→ EXERCISE AIM:
Exact transcription of the data below is required, without the images.

→ MATERIAL FOR THIS TASK:

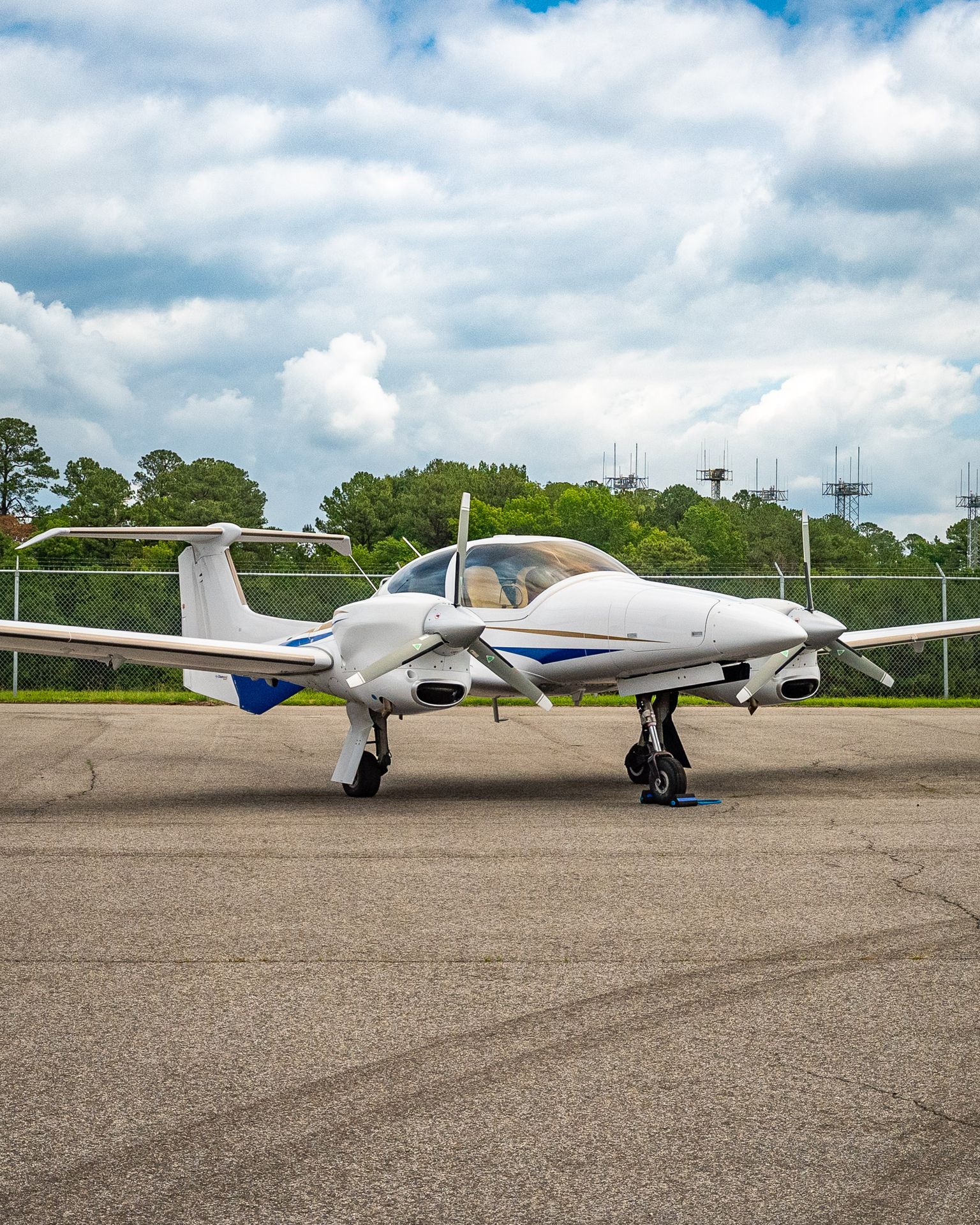 N594ER - 2007/DA42/Diamond/U00155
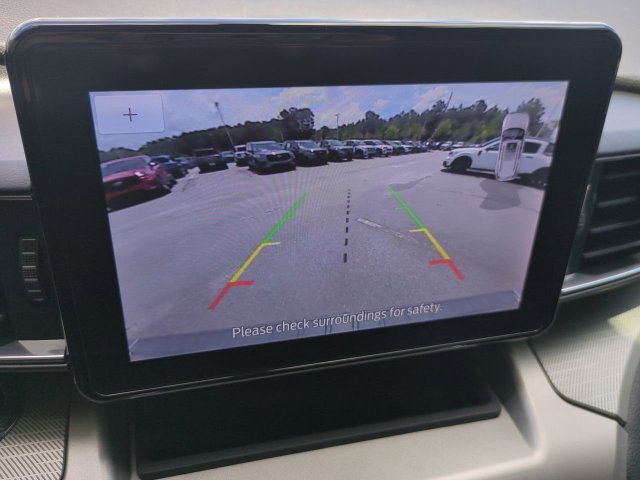 Used 2022 Ford Explorer XLT w/ Equipment Group 202A RWD image 23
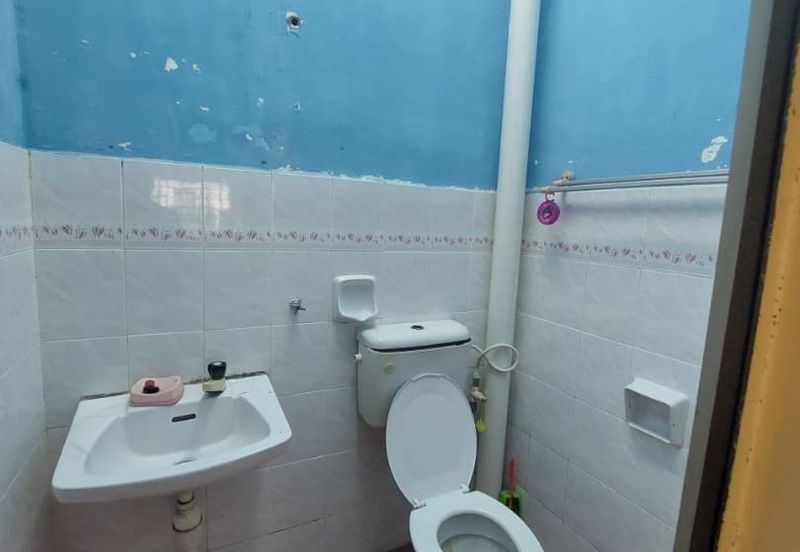 Jalan Santalia , Taman Flora Heights, Pasir Gudang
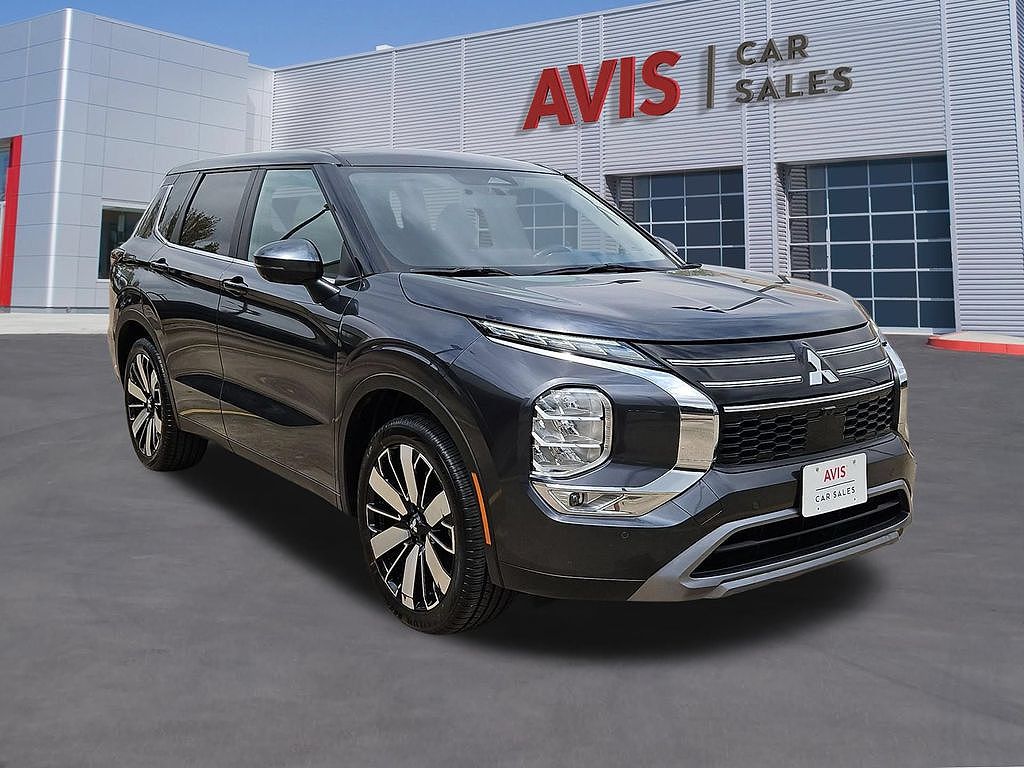 2025 Mitsubishi Outlander SE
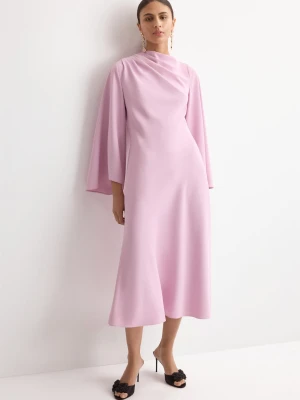 Sukienka satynowa z rozszerzanym rękawem pastelowy róż - Kobieta - - MANGO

→ RESPONSE BOX:
 N594ER - 2007/DA42/Diamond/U00155
 Used 2022 Ford Explorer XLT w/ Equipment Group 202A RWD image 23
 Jalan Santalia , Taman Flora Heights, Pasir Gudang
 2025 Mitsubishi Outlander SE
 Sukienka satynowa z rozszerzanym rękawem pastelowy róż - Kobieta - - MANGO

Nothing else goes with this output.